The construction of thermal decomposition kinetic model of phenyl silicone oil requires the combination of thermogravimetric analysis (TGA) data and multiple kinetic methods, and the accuracy is optimized through model verification to support material stability evaluation and process optimization in high-temperature applications. The following is a specific analysis:

Model construction method
Thermogravimetric analysis (TGA) experimental design
Temperature program: Use programmed temperature increase (such as 5-20℃/min) or isothermal method to measure the thermal weight loss curve (TG/DTG) of phenyl silicone oil in an inert atmosphere (nitrogen/argon) or oxidizing atmosphere.
Key parameters: Record the initial decomposition temperature (T₅%), maximum weight loss rate temperature (Tₚ) and residual mass at different heating rates to provide a data basis for kinetic calculations.
Kinetic model selection
Isoconversion rate method (FWO/KAS): There is no need to preset the reaction mechanism function. The activation energy (Eₐ) is calculated by the decomposition temperature (Tₐ) corresponding to the same conversion rate (α) at different heating rates. It is suitable for the preliminary analysis of multi-step reaction systems.
Master Plots: Combine the Eₐ obtained by the equal conversion rate method with the integral or differential form of the theoretical model (such as n-order reaction, Avrami-Erofeev equation) to determine the most likely reaction mechanism.
Global fitting method (such as Coats-Redfern): Assuming a single reaction mechanism, nonlinearly fit the TG/DTG curve to simultaneously solve Eₐ, pre-exponential factor (A) and reaction order (n), which is suitable for systems with clear reaction mechanisms.
Model parameter solution
Activation energy (Eₐ) and pre-exponential factor (A): Calculate Eₐ under different α by FWO/KAS method. If Eₐ changes significantly with α, segmented fitting is required; master curve method or global fitting method can further determine A and reaction mechanism.

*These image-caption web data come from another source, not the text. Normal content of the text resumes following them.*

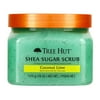 Tree Hut Coconut Lime Shea Butter Sugar Body Scrub, 18 oz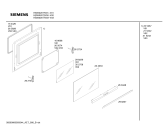 Схема №4 HB35020TR с изображением Фронтальное стекло для духового шкафа Siemens 00354702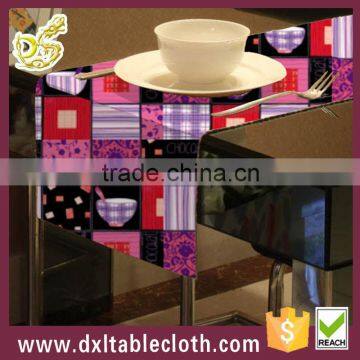 Wholesale pvc table runner for party decoration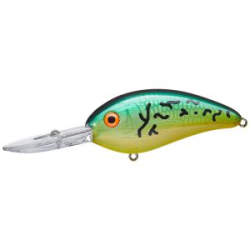 Воблер Bomber Fat Free Shad Jr. BD6F цв. DFT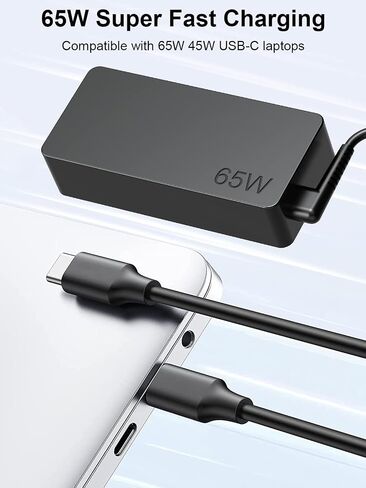 Charger for Dell 130W Laptop USB C Type C AC Adapter for Dell XPS 15 17 2in1 9575 9500 9700 Precision 5530 2in1 5550 5750 3560 Latitude 7410 7310 7210 9410 9510 5420 5520 5510 Power Cord in Saudi Arabia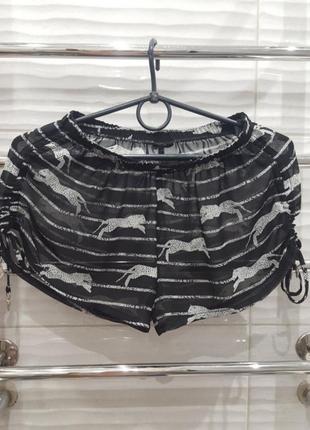 Шифоновые шортики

Reaction mechanism function (f(α)): Combine the morphology of the thermogravimetric curve (such as single peak/multi-peak) and the model matching degree to select the mechanism function that best fits the experimental data (such as three-dimensional diffusion, phase boundary reaction, etc.).
Model verification and optimization
Residual analysis and error assessment
Compare the α-T curve predicted by the model with the experimental data, calculate the residual sum of squares (RSS) or correlation coefficient (R²) to ensure the accuracy of the model over the entire temperature range.

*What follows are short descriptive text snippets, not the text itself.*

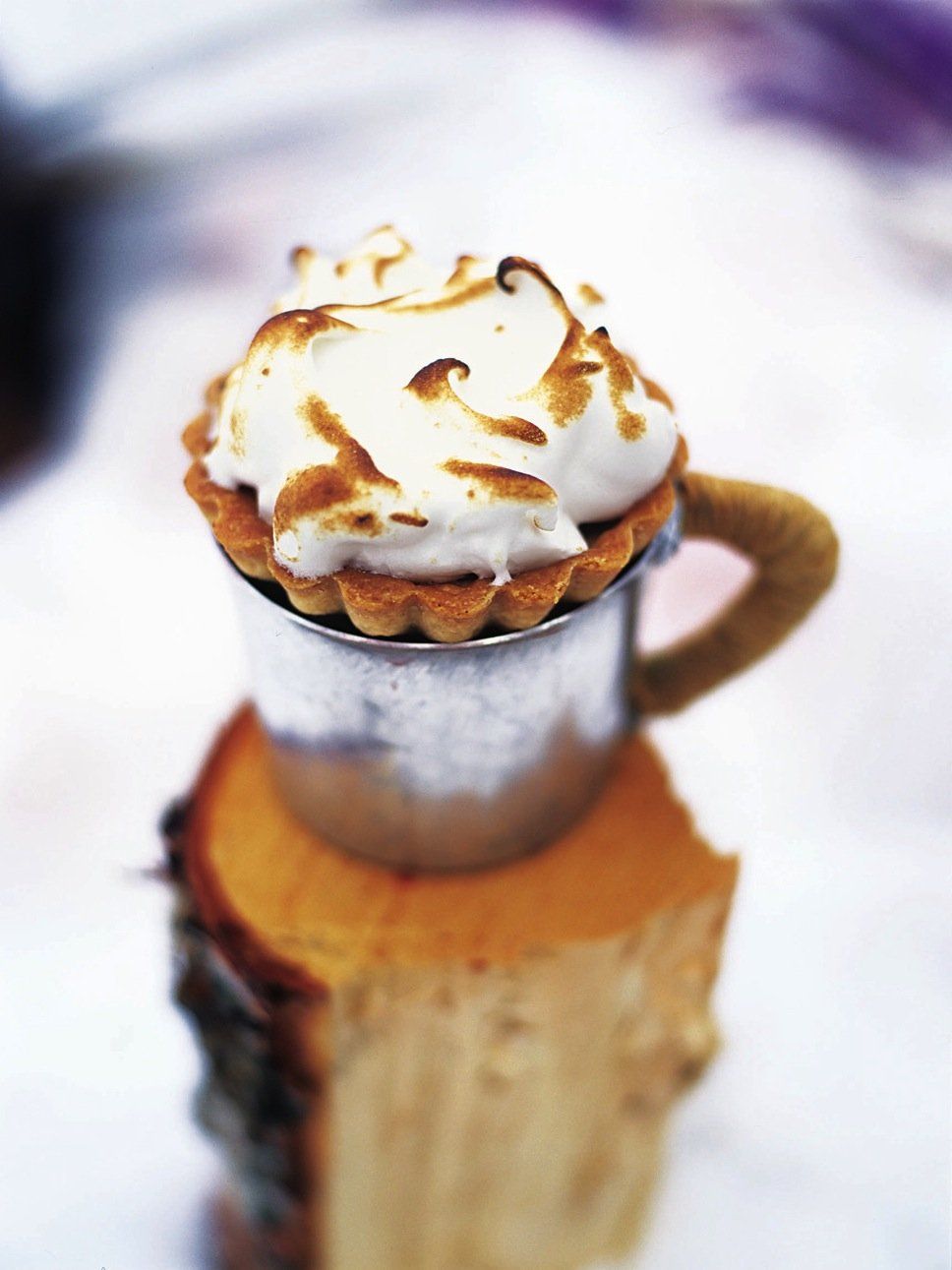 Baked Alaska mince pies | Fruit recipes | Jamie Oliver recipes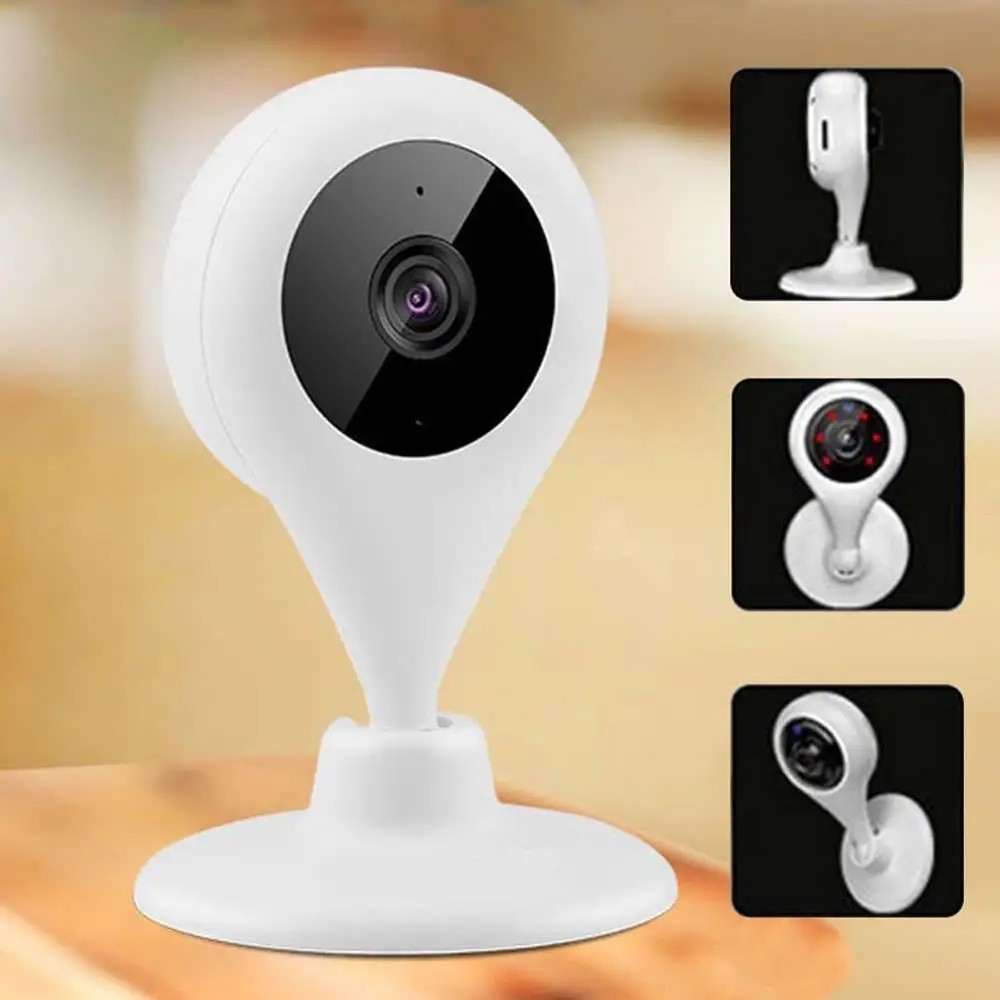 Беспроводная Wi-Fi HD 720P IP камера ONVIF Внешняя безопасности наклон ночное видение |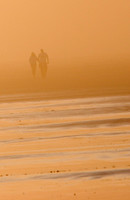 On the Beach #4 at Wickaninnish Bay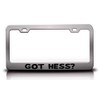 Custom Brother - GOT HESS? Family Name Metal Car SUV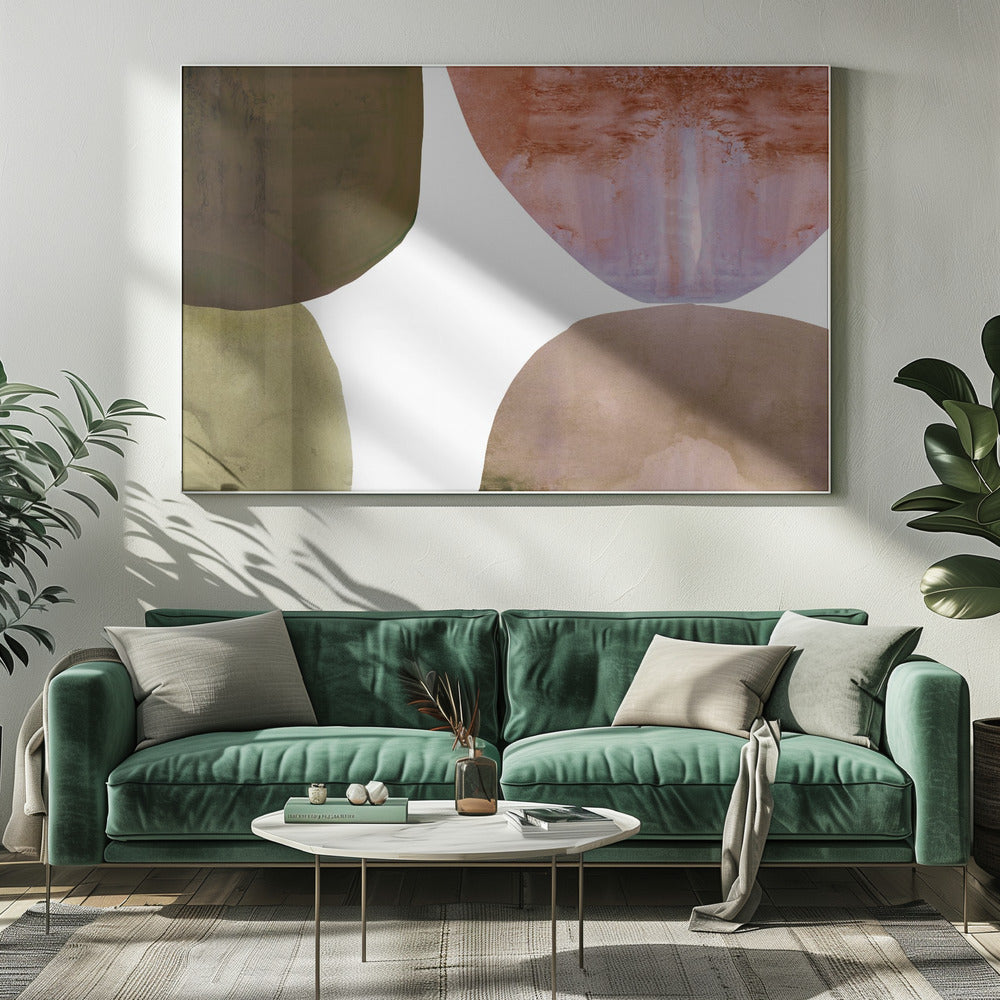 Aardewerk oppervlakken 6 | Canvas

For complex decomposition processes (such as multi-step reactions), it is necessary to introduce a distributed activation energy model (DAEM) or segmented kinetic processing to reduce the error of a single model.

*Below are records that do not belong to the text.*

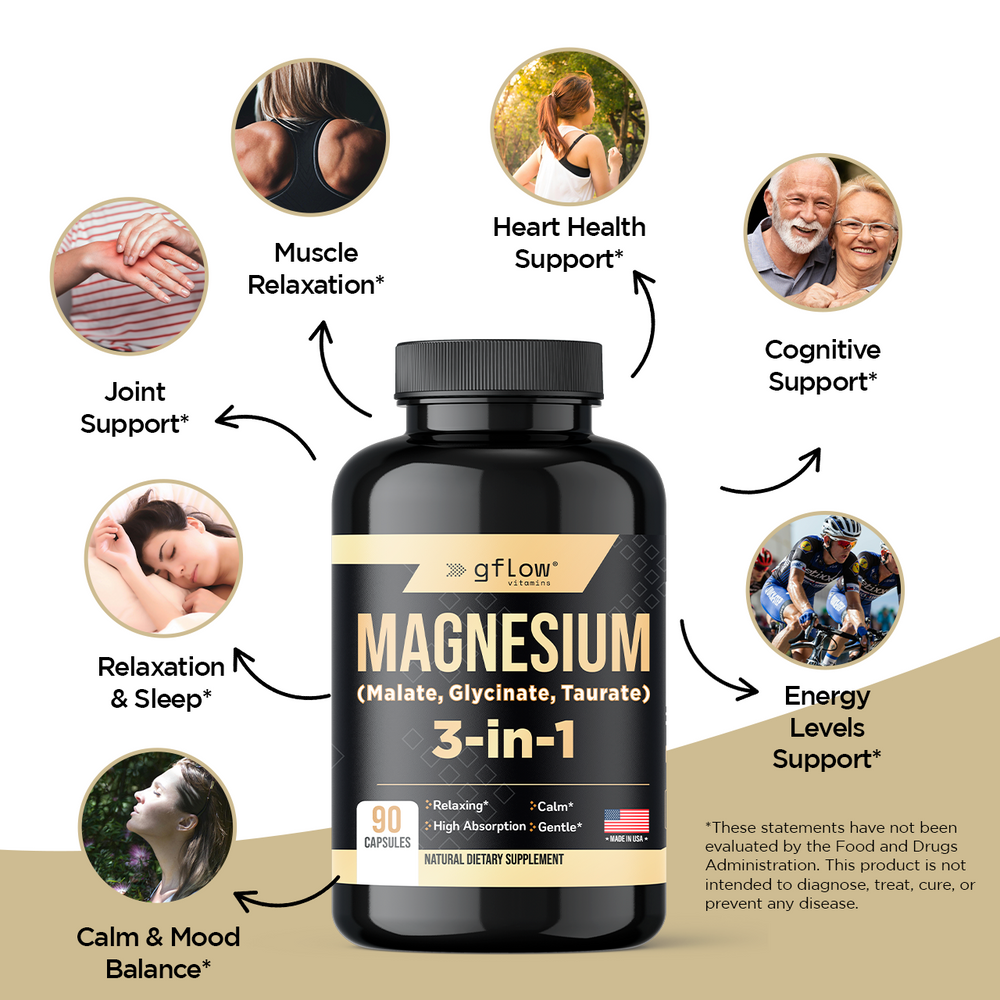 Magnesium 3-in-1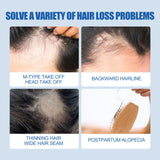Maxbell Men Hair and Beard Growth Fluid Stronger Thicker Longer Hair Full Thickening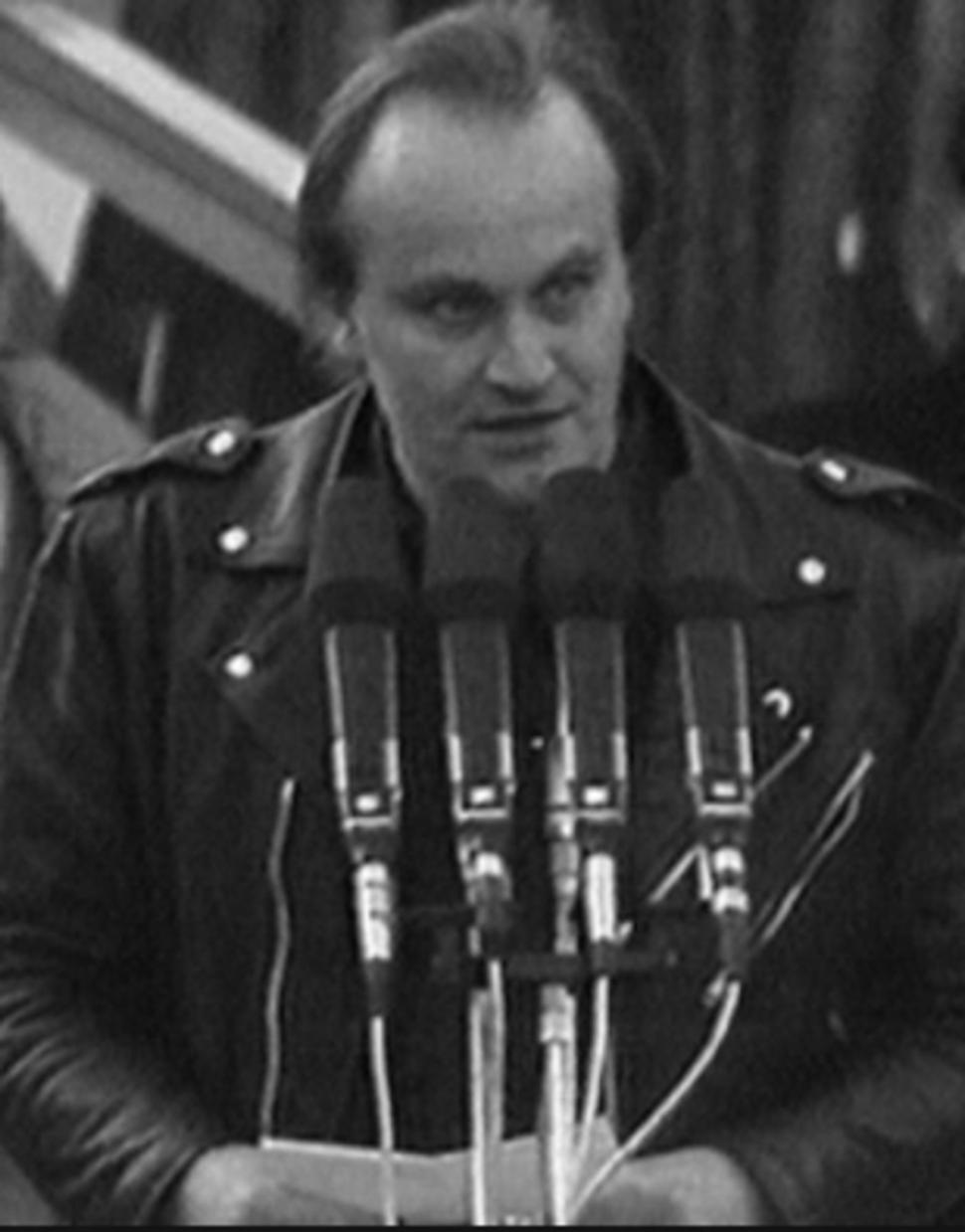 Michael Kocáb, Zdroj: archív Memory of Nations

Pyrolysis mechanism verification
The reaction mechanism assumed by the model is verified by combining pyrolysis product analysis (such as FTIR, GC-MS). For example, if the model predicts that the first step is side chain cleavage, the corresponding small molecule fragments must be detected in the product.
Model application direction
Material stability assessment
Predict the service life of phenyl silicone oil at different temperatures through kinetic parameters. For example, based on the Arrhenius equation, the thermal life (t₅₀%) at 300°C is extrapolated to guide the selection of high-temperature lubricants or sealing materials.
Thermal stability optimization
Analyze the effects of phenyl content, molecular weight, etc. on Eₐ to provide a basis for formulation design. For example, silicone oil with high phenyl content (>45%) is more suitable as a high-temperature lubricant resistant to temperatures above 300°C due to the increased Eₐ (>200 kJ/mol).


Process Condition Optimization
During the synthesis process, the reaction temperature and time are controlled by a kinetic model to avoid side reactions. For example, in the synthesis of cross-linked phenyl silicone oil, it is necessary to ensure that the cross-linking reaction rate is lower than the thermal decomposition rate to ensure the product yield.